Der Grund: Die religiösen Traditionen sind weiterhin stark in der Gesellschaft verankert, 98 Prozent der Bevölkerung ist muslimisch. Und während die Hauptstadt Tunis weltlich ist, lebt man auf dem Land traditionell.

«Hier bleibt eine gute Muslima im Haus», sagt Ines Aroua (34). Sie ist in Tunis aufgewachsen und arbeitet nun als Teilhaberin einer Tourismusagentur im ländlichen Djerba. «Müsste ich mich daheim verstecken und mit einem Kopftuch einpacken, wäre das für mich grausam!» Am Telefon hört sie oft: Kann ich den Chef sprechen? «Das macht mich wütend!», sagt sie. Eine Frau als Chef, das ist noch immer eine Ausnahme.

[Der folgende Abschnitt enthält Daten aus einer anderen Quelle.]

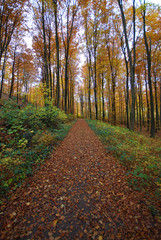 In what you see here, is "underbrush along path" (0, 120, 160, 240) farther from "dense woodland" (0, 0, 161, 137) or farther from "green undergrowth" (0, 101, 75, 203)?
"dense woodland" (0, 0, 161, 137)

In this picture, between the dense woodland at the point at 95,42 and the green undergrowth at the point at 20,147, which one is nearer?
the green undergrowth at the point at 20,147

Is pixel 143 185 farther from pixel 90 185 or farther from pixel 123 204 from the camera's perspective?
pixel 90 185

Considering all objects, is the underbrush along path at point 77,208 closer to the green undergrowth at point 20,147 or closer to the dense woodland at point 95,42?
the green undergrowth at point 20,147

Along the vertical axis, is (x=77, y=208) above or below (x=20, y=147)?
below

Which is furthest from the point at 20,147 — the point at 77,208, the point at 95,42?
the point at 95,42

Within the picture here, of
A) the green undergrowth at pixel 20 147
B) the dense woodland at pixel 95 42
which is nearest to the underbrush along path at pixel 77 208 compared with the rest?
the green undergrowth at pixel 20 147

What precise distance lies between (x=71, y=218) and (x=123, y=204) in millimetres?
1229

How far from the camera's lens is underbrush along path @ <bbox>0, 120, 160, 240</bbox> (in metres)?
1.69

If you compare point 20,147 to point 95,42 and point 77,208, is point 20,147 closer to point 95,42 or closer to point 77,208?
point 77,208

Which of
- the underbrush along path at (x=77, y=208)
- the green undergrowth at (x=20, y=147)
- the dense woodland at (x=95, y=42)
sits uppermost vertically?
the dense woodland at (x=95, y=42)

Ines hofft, dass es mit der Demokratie besser wird. Denn nun ist die moderate islamische Ennahda an der Macht. Für sie ist das Gesetz der persönlichen Freiheit, das die Frauen gleichstellt, zwar nicht heilig, aber: «Mittlerweile wagt niemand mehr, etwas gegen die Frauen zu sagen.»

Dass die alltägliche Trennung von Männern und Frauen auch Vorteile hat, finden die Agenturpartnerinnen von Ines, die beiden Schweizerinnen Stephanie und Nadine: «Die klare Rollenaufteilung bedeutet Entspannung», sagt Stephanie. «In Europa herrscht vordergründig Gleichberechtigung, hinter den Kulissen sieht es oft anders aus.» Und so sehr eine Frau die männliche Welt respektieren muss, so sehr achtet der tunesische Mann die weibliche.

Auch wenn Ines vom Kopf her Europäerin ist, im Herzen ist sie eine Muslima. Und als solche will sie jungfräulich in die Ehe gehen. Da will sie weder Vater noch Brüder enttäuschen.